ASSIGNMENT –
Without any pictures, print the lines below from the one that has "Find an activity by time and weather" through the one that has "Set of 2 chairs", exactly and nothing else.
***** EXERCISE INPUTS *****
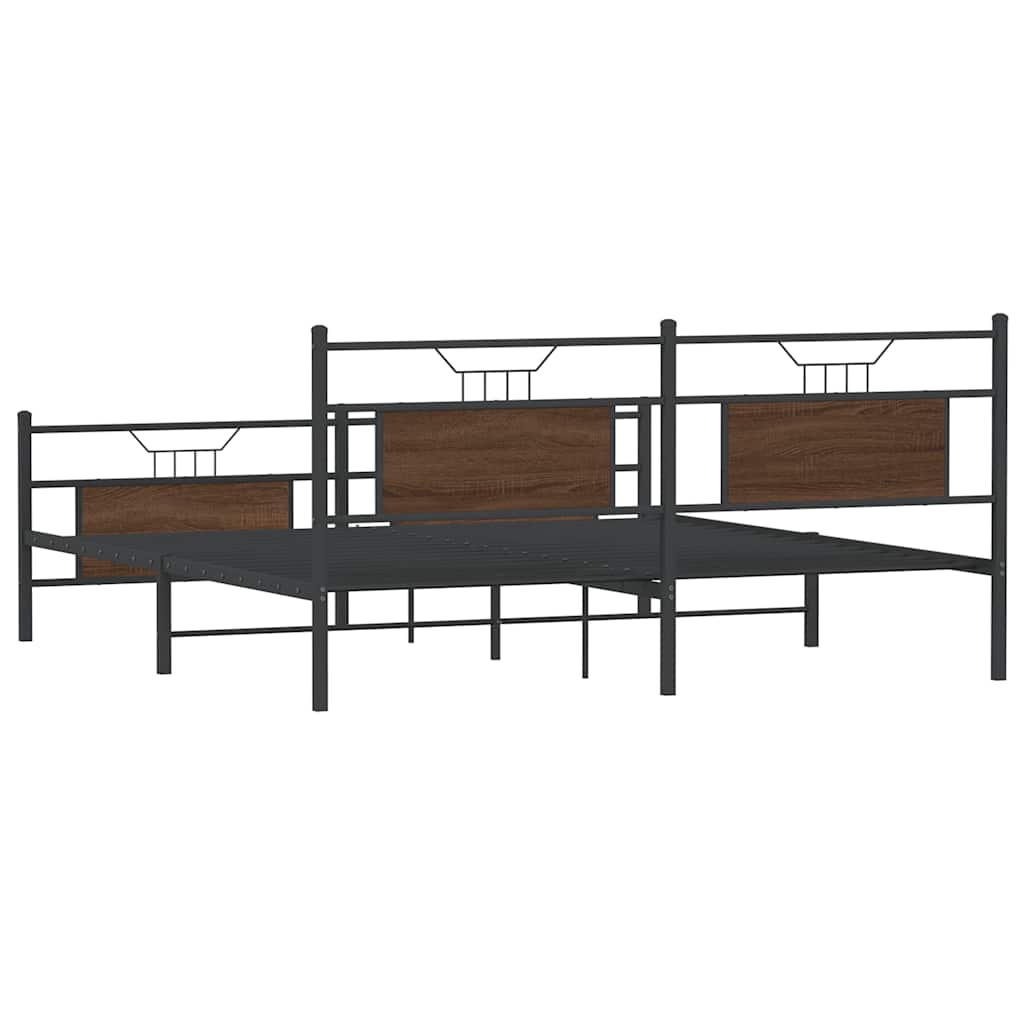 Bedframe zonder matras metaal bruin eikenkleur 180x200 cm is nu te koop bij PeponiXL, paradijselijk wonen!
*****
***** EXERCISE INPUTS *****
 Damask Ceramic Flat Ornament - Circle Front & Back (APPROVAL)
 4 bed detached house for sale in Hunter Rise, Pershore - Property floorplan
*****
***** EXERCISE INPUTS *****
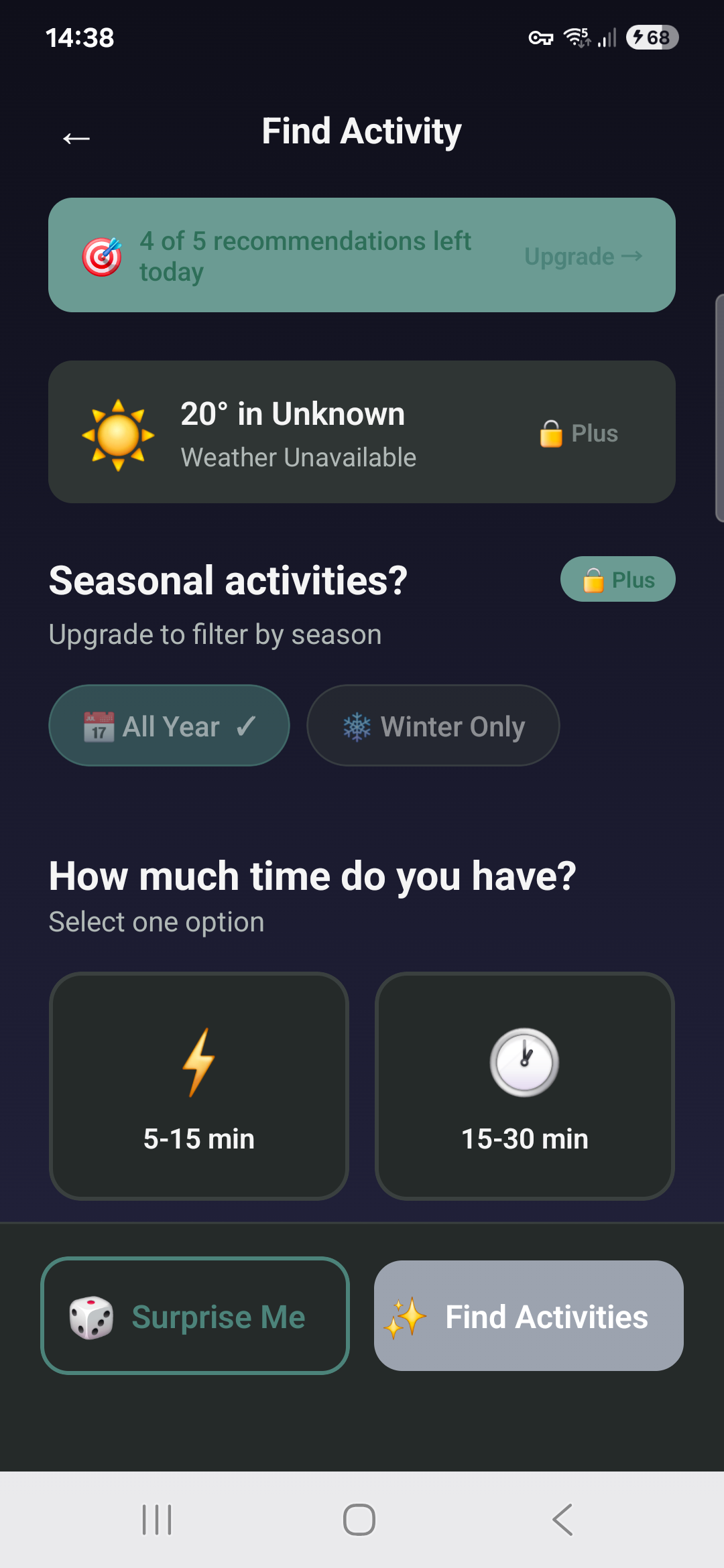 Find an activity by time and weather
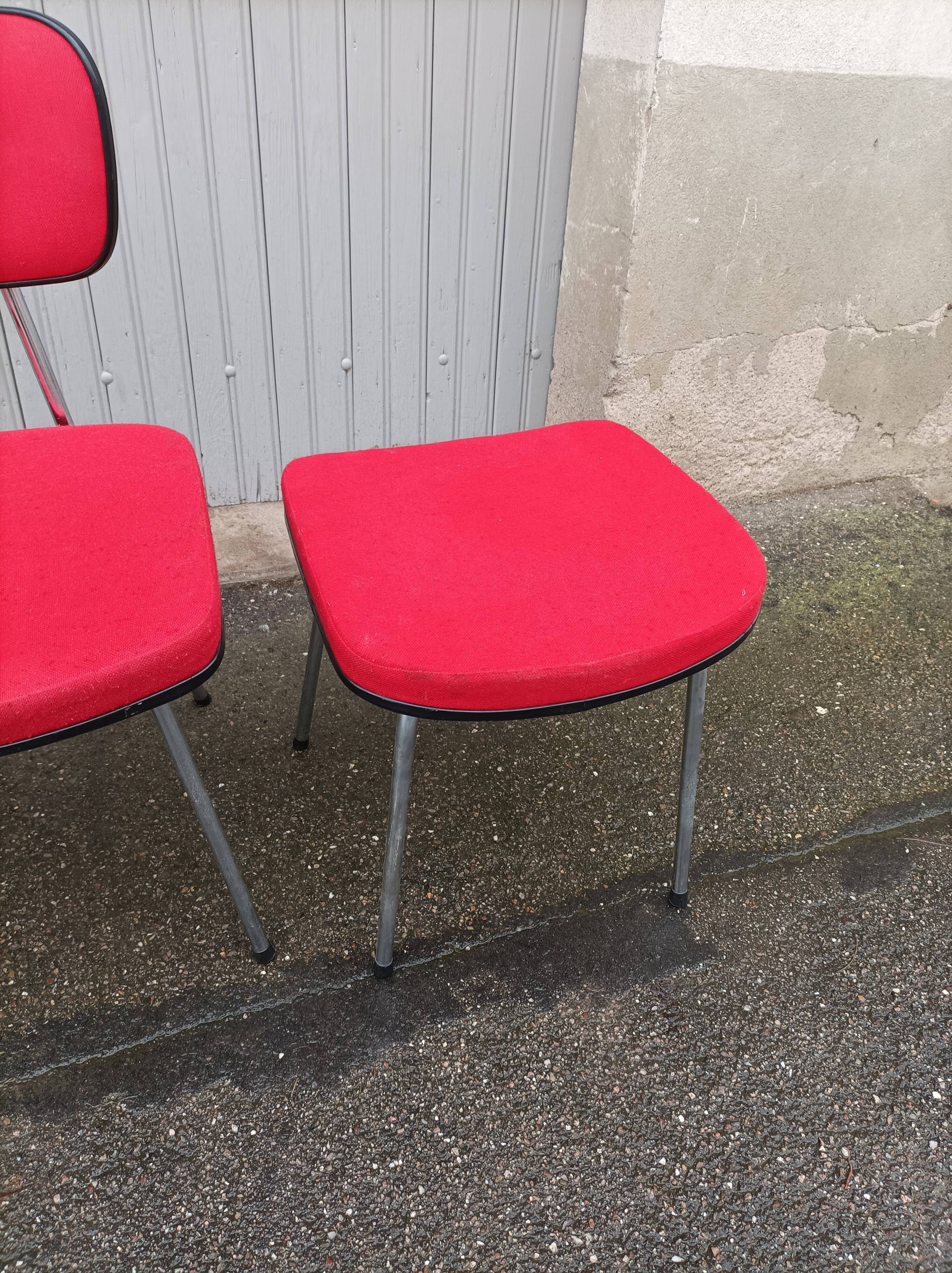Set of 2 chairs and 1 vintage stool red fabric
*****
EXERCISE RESPONSE –
 Find an activity by time and weather
Set of 2 chairs and 1 vintage stool red fabric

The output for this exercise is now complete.